Jeff Ho - Zephyr Team - Surf and Skate

The high profile illegal bike rides on freeways may have made a point, but clearly it was the diplomacy from advocates that had city officials note that bike culture has a place in the city. That was marked in March by the signing of the city of LA Bicycle Plan, held on the South Lawn of City Hall. (Although some will also credit Mayor Antonio Villaraigosa's run-in with a taxi while riding a bike as its own form of lobbying).

The wheel mobility subculture--and sneer--can be traced to the well documented Z-Boys from Dogtown, formed on the border of Santa Monica and Venice.
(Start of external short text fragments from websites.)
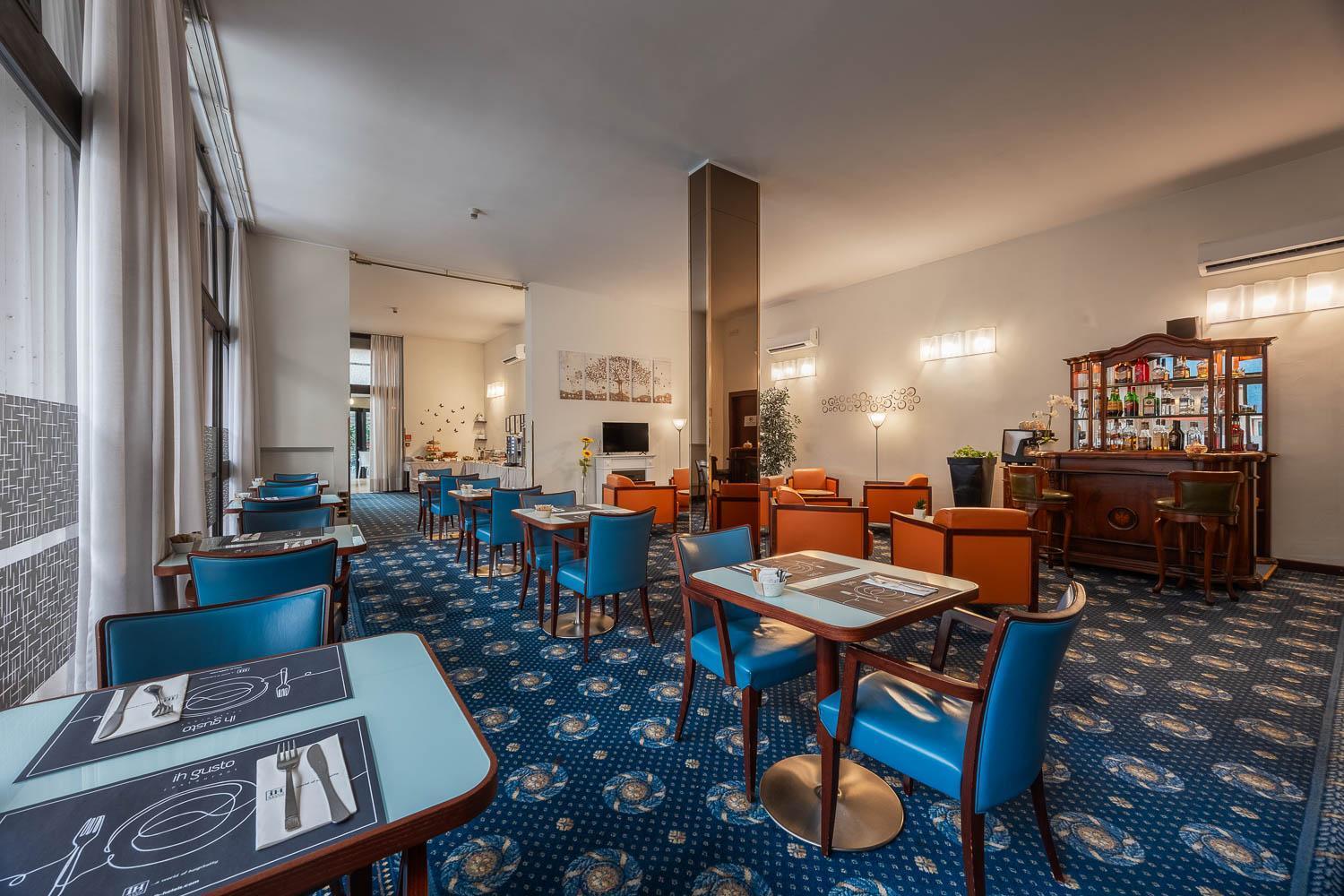 Ih Hotels Milano Eur - Trezzano Sul Naviglio Buitenkant foto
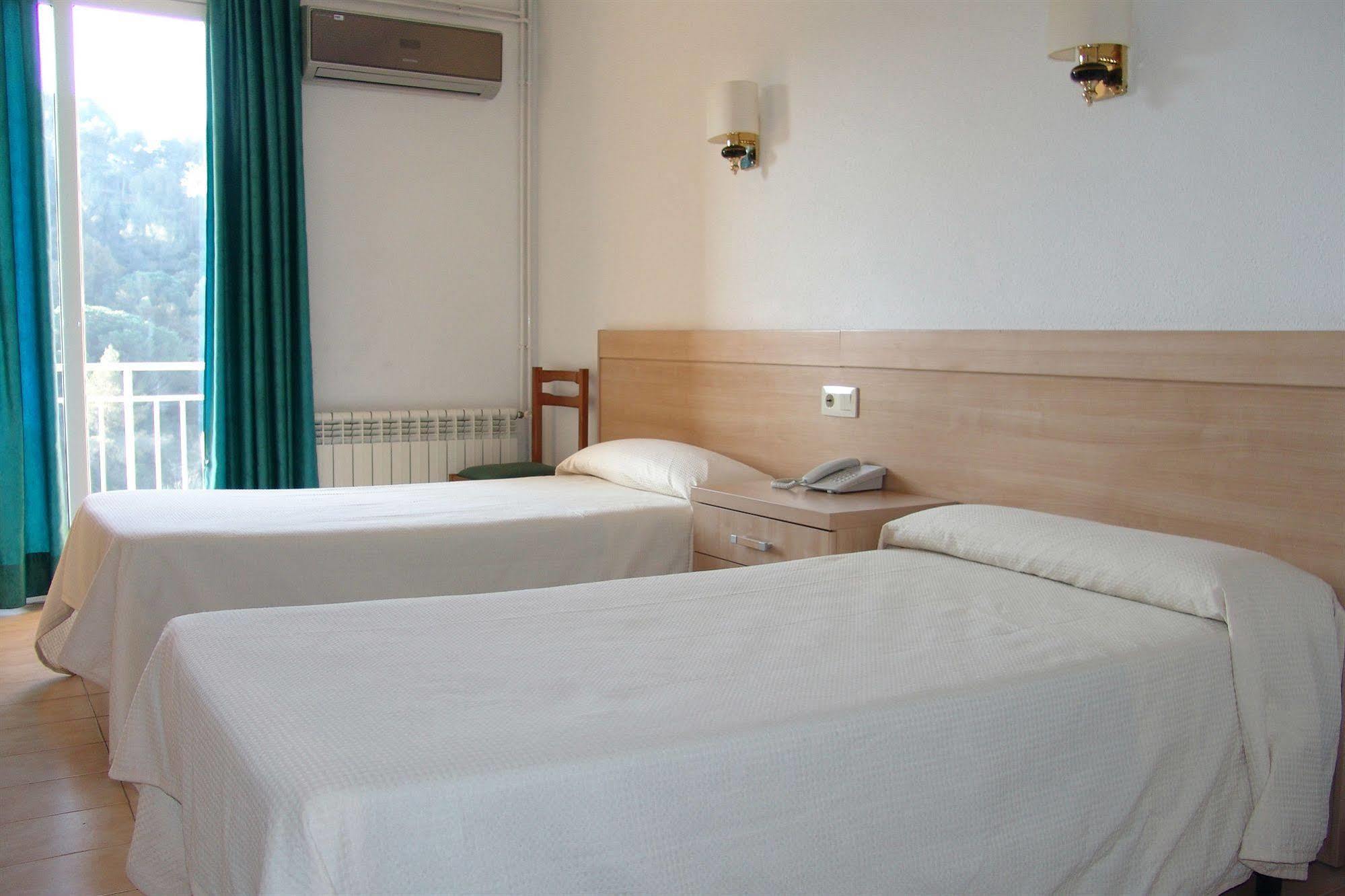 Hotel Montanamar Lloret de Mar Exteriör bild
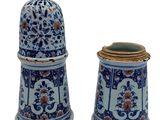 paire de salières et poivrières bleues et blanches ornées de motifs floraux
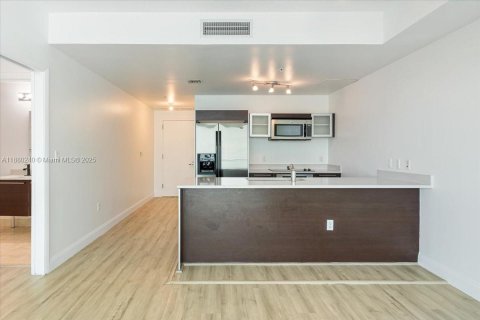 Condominio en venta en Miami, Florida, 1 dormitorio, 77.85 m2 № 1928679 - foto 10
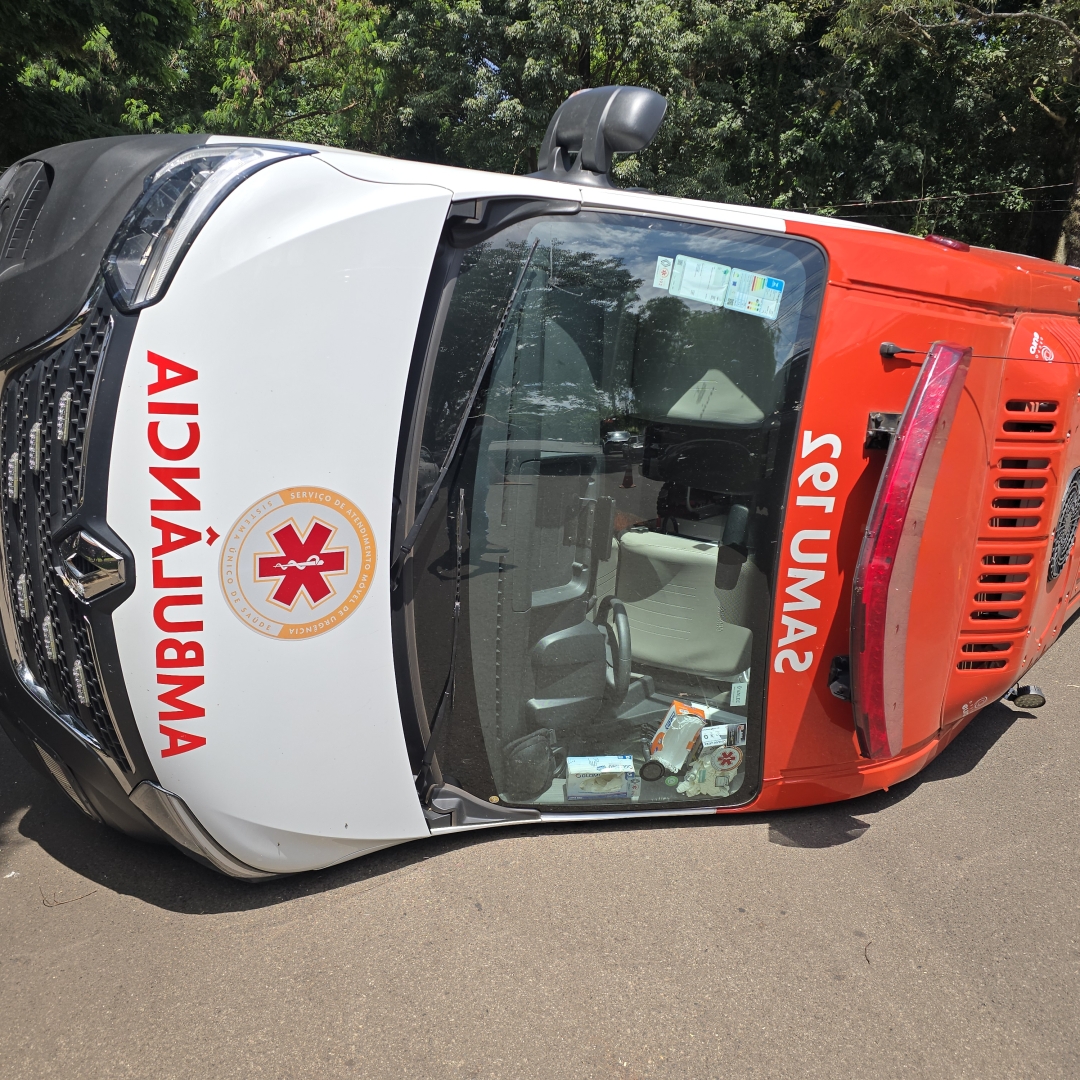 Ambulância do Samu tomba durante corrida contra o tempo para salvar paciente com câncer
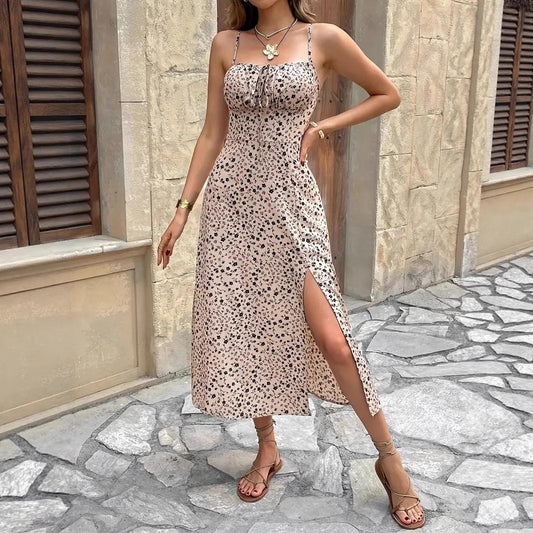 Robe maxi pour femmes avec une coupe slim, un motif floral et une fente latérale Chic und Stil
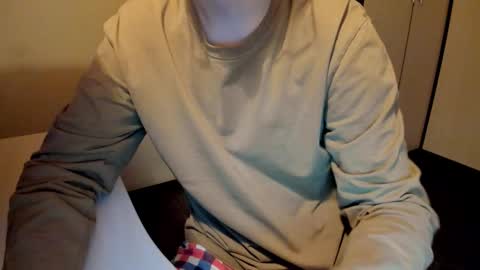 Snapshot of fckmikh chatting on December 21, 2:46 pm Michael online show from December 21, 2:46 pm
They are the most visible collective from the skateboard underground, having gained a national following.

It was also the timing of a decade that bumped gas prices to a record 57 cents per gallon, and the drought and water shortages had suburbia draining pools, which soon were taken over by skaters and pre-BMX style cyclists. All that allowed skateboarding to take over the Los Angeles region.

Now with MOCA's "Art in the Streets" exhibiting documentation of skateboard culture--which developed alongside technology of aerosol sprays--there is a link to visual street language that also developed in the 70s California culture movement.

It is certainly time for cyclists to take a turn on the road to form its own culture that reflects the city. Some of it has been evolving splinter groups, such as the children of Latino immigrants who have matured from skateboarding to cycle culture, and share more with Punk Rock at Venice Beach than Chicano Oldies from Boyle Heights.

It may be the next wave of influence from California.

But even if the X-Games do not become the Mex-Games, the advocacy of cyclists has proved that if you empty the streets of cars, it is like emptying the pool for skateboarders. Others are ready to take over.